### PROVIDED RECORDS

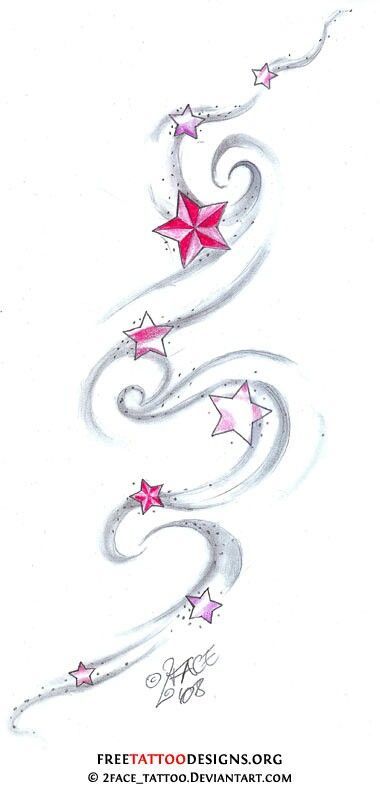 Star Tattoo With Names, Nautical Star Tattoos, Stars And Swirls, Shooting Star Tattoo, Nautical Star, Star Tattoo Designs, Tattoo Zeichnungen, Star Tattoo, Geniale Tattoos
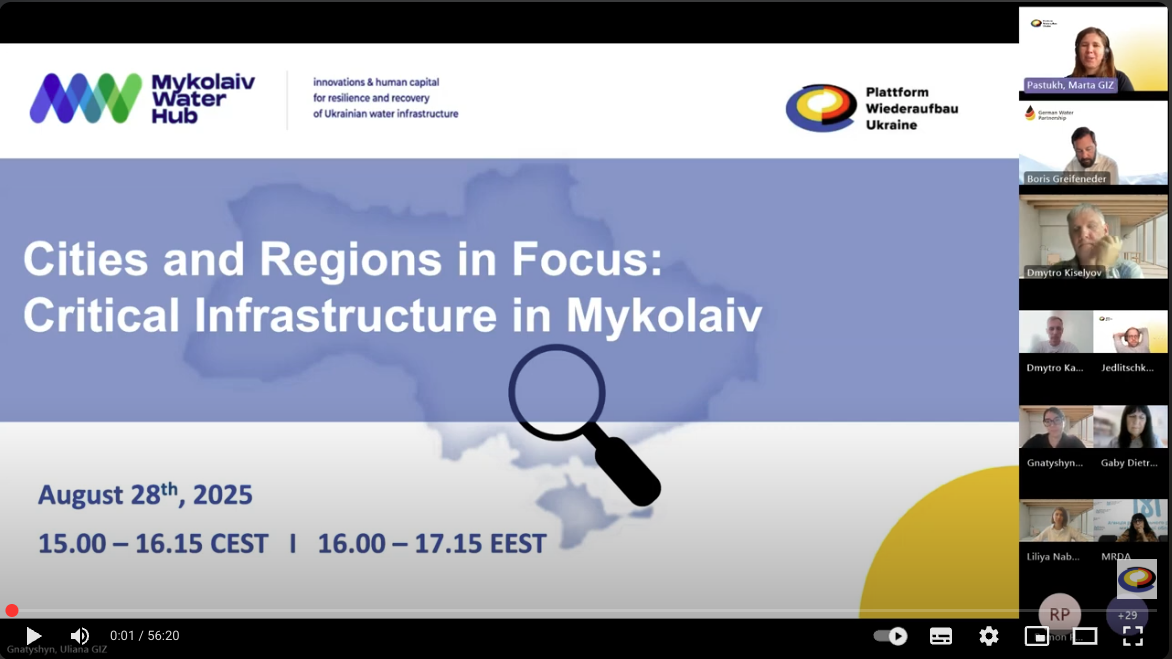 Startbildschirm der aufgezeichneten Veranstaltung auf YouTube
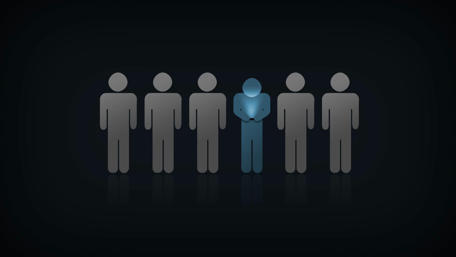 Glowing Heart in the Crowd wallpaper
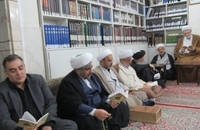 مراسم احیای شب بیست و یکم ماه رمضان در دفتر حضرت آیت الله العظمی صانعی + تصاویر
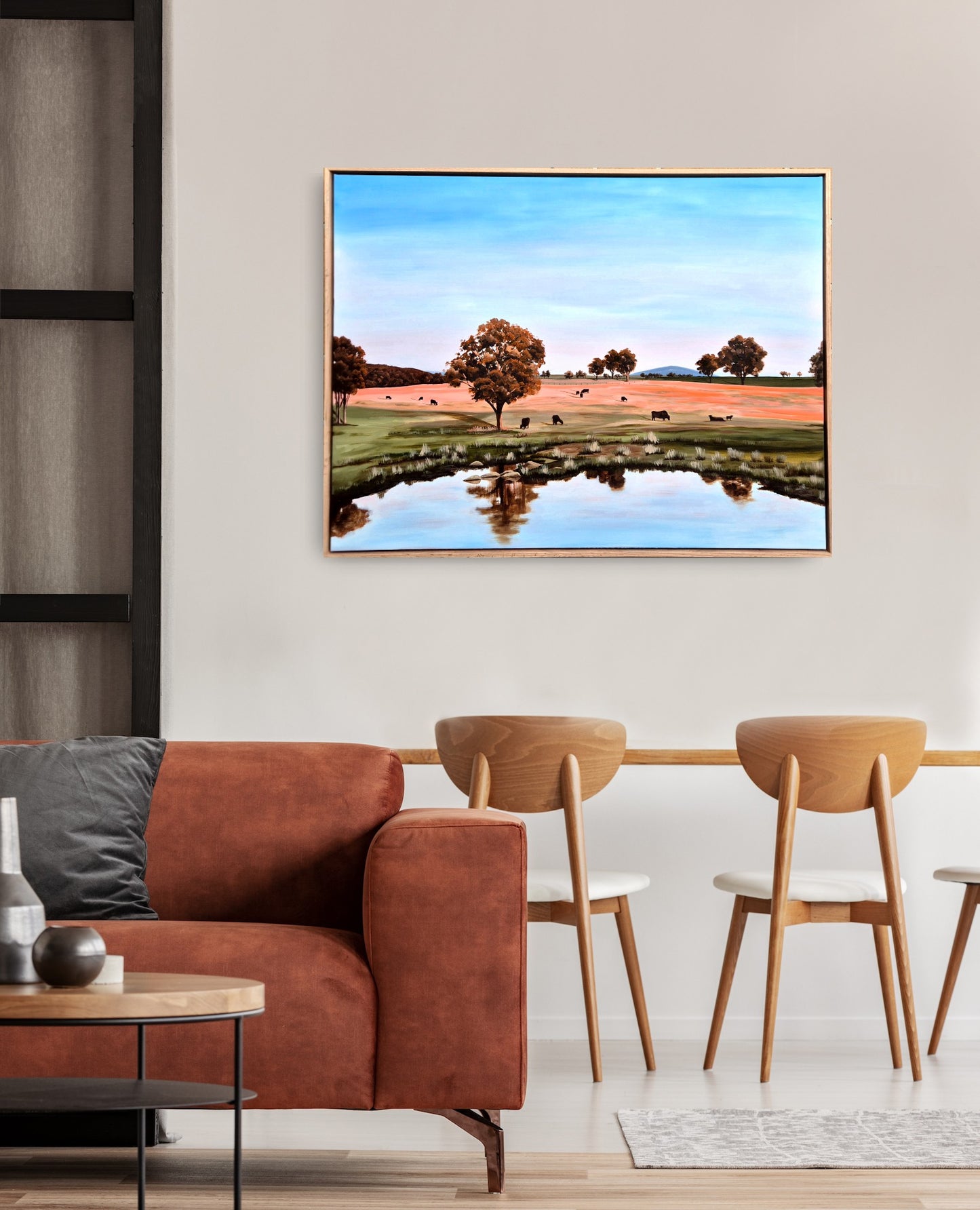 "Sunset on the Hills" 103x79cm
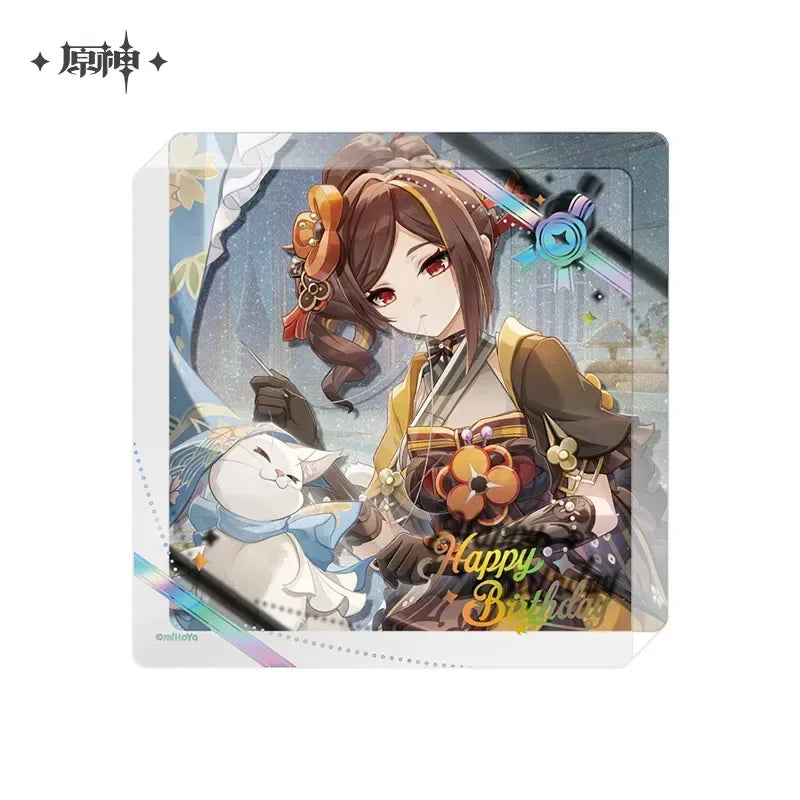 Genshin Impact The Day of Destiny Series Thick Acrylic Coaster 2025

### EXERCISE AIM
Type the material out again exactly. Skip the pictures.

### WRITTEN RESPONSE
 Star Tattoo With Names, Nautical Star Tattoos, Stars And Swirls, Shooting Star Tattoo, Nautical Star, Star Tattoo Designs, Tattoo Zeichnungen, Star Tattoo, Geniale Tattoos
 Startbildschirm der aufgezeichneten Veranstaltung auf YouTube
 Glowing Heart in the Crowd wallpaper
 مراسم احیای شب بیست و یکم ماه رمضان در دفتر حضرت آیت الله العظمی صانعی + تصاویر
 "Sunset on the Hills" 103x79cm
 Genshin Impact The Day of Destiny Series Thick Acrylic Coaster 2025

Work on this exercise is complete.